Il distruttore di cattedrali

Scritto il 15/07/2025
da Vittorio Macioce

Alessandro Giuli sa essere sfrontato e coraggioso. Non è detto che sia un difetto, neppure per un ministro, soprattutto se sei pronto a pagare il prezzo delle tue azioni e non hai una vocazione democristiana. Non è da tutti sfidare il Corsera, in questo modo corsaro, pubblicando l’intervista che il quotidiano di via Solferino, con la stessa cortesia di Bartleby lo scrivano, ha preferito non mettere in pagina. Si è creata una situazione strana. Quella di Giuli è una scelta scostumata, soprattutto quando svela lo scambio di messaggi con la redazione, con chi fa le domande e chi le riceve. Queste cose magari non si fanno. È imbarazzo. È scortesia. Allo stesso tempo però è un gesto di trasparenza, perfino rivoluzionario, perché racconta una triste abitudine che quelli del mestiere conoscono, anche se svilisce i giornalisti: i ministri (e non solo loro) pretendono di rileggere le interviste e perfino di sindacare sul lavoro di chi scrive.
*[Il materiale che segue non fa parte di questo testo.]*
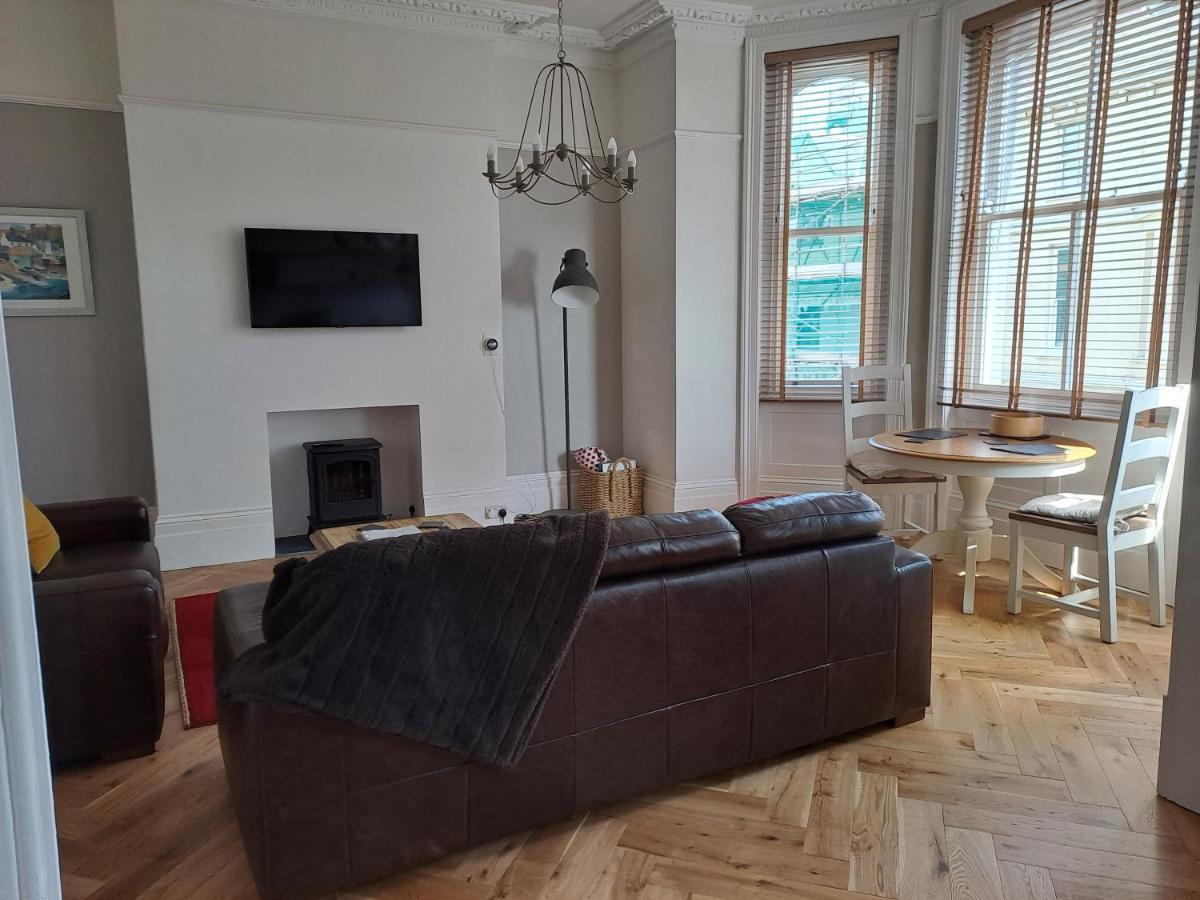Spinnaker - Self Catering Apartment, Тенби Экстерьер фото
Non fa bene a nessuno. È così che Giuli può sorridere, dicendo: «Censura». «E poi dicono che gli illiberali siamo noi di destra». È uno sberleffo, ma non è affatto banale. Il ministro della Cultura è davvero coraggioso, con un pizzico di barbara incoscienza. Il suo gioco, più intellettuale di quanto si pensi, è dissacrare. No, non è mancanza di rispetto per secoli di storia. È qualcosa di più politico. È entrare nella cattedrale e sconsacrarla, strattonando il vecchio arcivescovo che predicava un risveglio del pensiero. Cosa fa questa destra dormiente? È il tema evocato da don Ernesto Galli della Loggia: «Cultura, lo scatto non c’è».

La cultura, sosteneva, non può essere poltrone e potere. Appunto.

Ora bisogna osservare le mosse di Giuli. Non va allo Strega perché non gli hanno inviato i libri. Non sceglie i direttori dei principali musei italiani perché le terne che le commissioni hanno indicato sono noiose e forse di parte. Non si lascia commuovere dal pianto di registi e attori poveri di contributi pubblici e soprattutto si diverte a scarnificare le liturgie della repubblica delle lettere. È dissacrante. Non è detto che sia per forza un male, perché i chierici sono così incancreniti di Novecento che non sanno leggere i nuovi tempi. La vera sfida di Giuli sarà trovare intellettuali. Buona fortuna, ma una cosa almeno bisogna riconoscergliela: sta facendo proprio quello che gli ha chiesto Galli della Loggia. Una scossa, ci vorrebbe una scossa.